The invasive Asian beetle has killed about 50 ash trees between Woodlawn and Ellis avenues, destroying half of a picturesque tree-lined path in front of the University of Chicago.

“Those trees along the Midway are an example of what happens when the infection starts,” said Jerry Levy, a master tree keeper and the steward of Wooded Island in Jackson Park. “There’s just no way of stopping it.”

Levy estimated the trees were 40-50 years old and it will take more than a decade to restore the damage.

“In five to 10 years it will start to create a decent canopy — but not what we had,” Levy said.

The Chicago Park District plans to chop down the trees and replant next year, spokeswoman Jessica Maxey-Faulkner said.

Large numbers of ash trees in the north end of Jackson Park also are being felled, and the infestation is moving closer to a small grove on Wooded Island that Levy is trying to protect from the beetle’s young.

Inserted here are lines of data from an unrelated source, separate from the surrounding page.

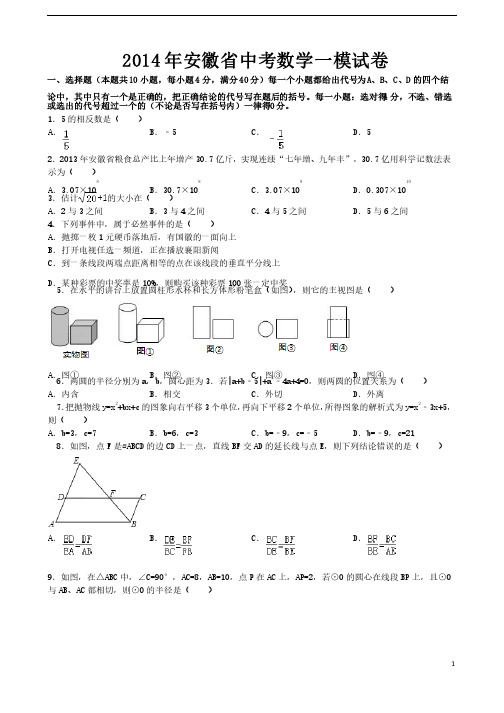 安徽省2014年中考数学模拟试卷（含答案）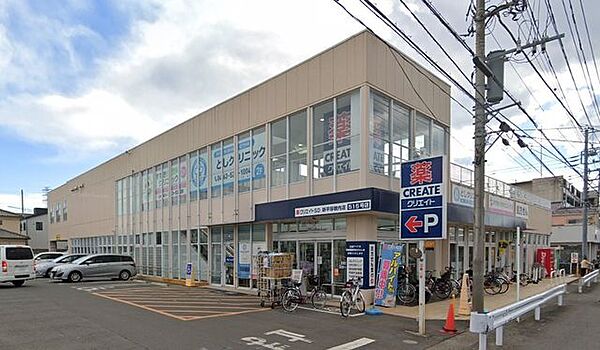 クリエイトエス・ディー新平塚横内店 徒歩10分。ドラッグストアが整い、薬や日用品を気軽に購入できる便利な暮らしを叶えます。 740m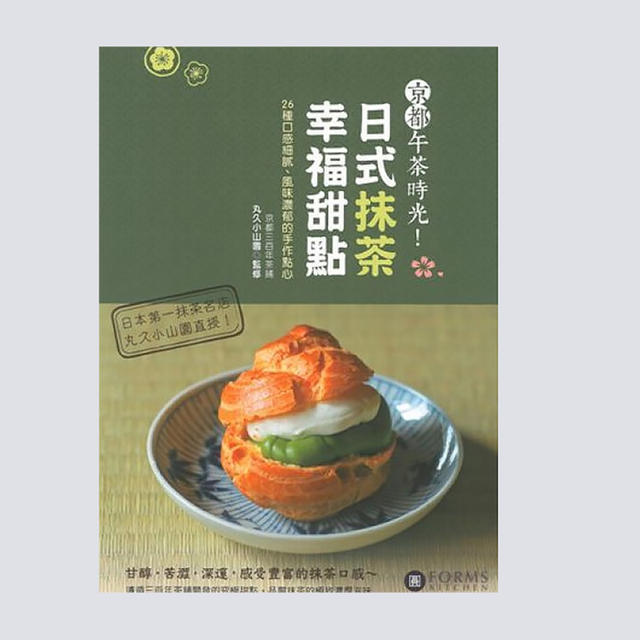 好物春天来了,好物分享春天来了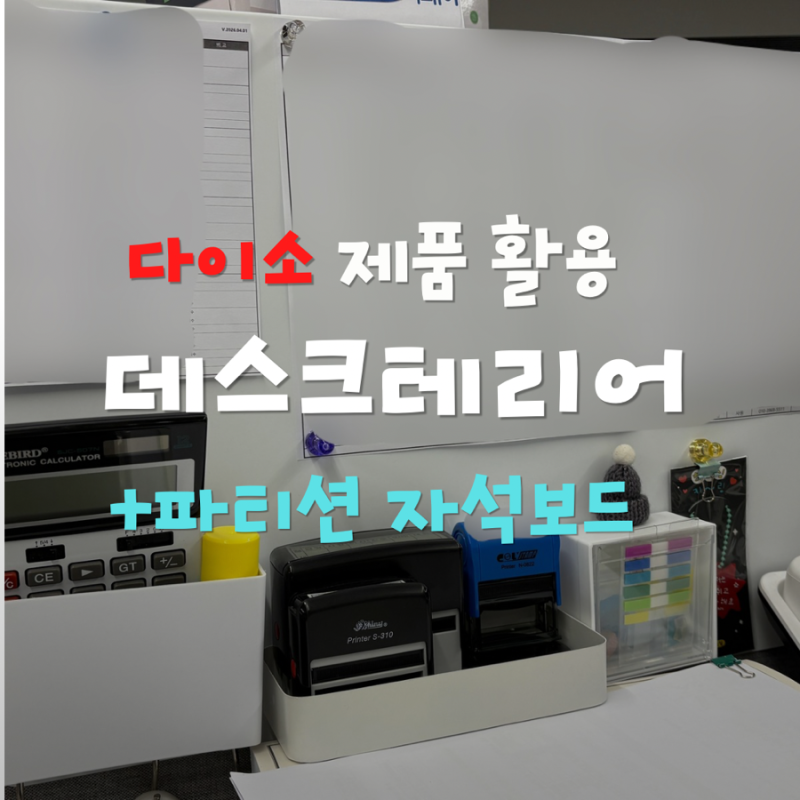 다이소 제품 활용 데스크테리어 및 파티션 자석보드 후기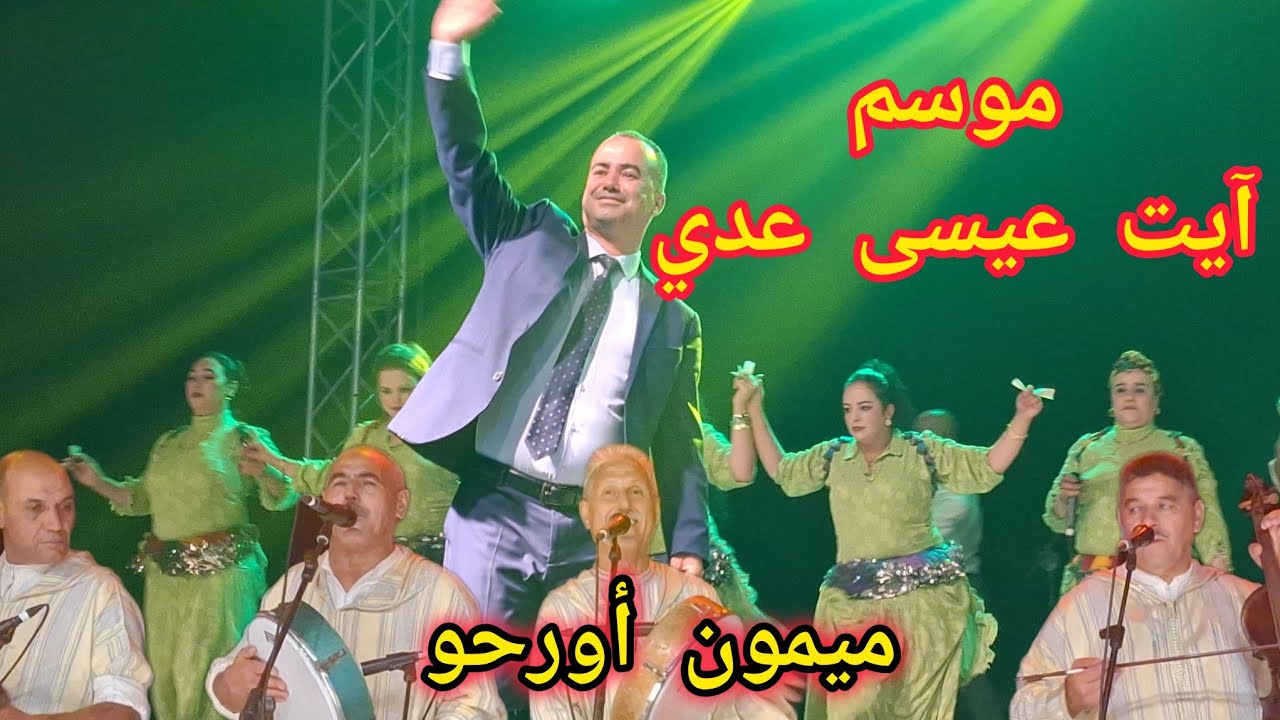 جانب من سهرة ميمون أورحو بحضور حمامة بالموسم السنوي آيت عيسى عدي بجماعة آيت ولال ضواحي مكناس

The larvae of the beetle chew serpentine pathways through the green filmy layers of tissue that trees use to carry nutrients between leaves and roots, severing the tree’s main artery.

The effect is a tree with bare canopy and a green skirt of leaves around the base of the trunk as it tries to form branches where there is still a connection to the roots.

The Bureau of Forestry removed 19 infected ash trees in September along three blocks of 56th Street at the northern boundary of Jackson Park.

The forestry bureau inoculated 37,000 of the city’s 70,000 ash trees last year against the ash borer, according to Molly Poppe, a spokeswoman for the bureau, a branch of the city's Department of Streets and Sanitation.

She said Thursday that 90 percent of the ash trees treated in the last three years were still healthy.

In Hyde Park, many of the trees treated in 2013 now have only one or two green branches remaining, and Levy said it was a pipe dream to think they would be saved.

“They’re doomed,” Levy said. “From an economic view, the city doesn’t have the manpower to take them all down in one year, they want to spread it out over a few years.”

The city stopped planting ash trees in 2002 and is targeting areas hit by the ash borer for replantings with other trees.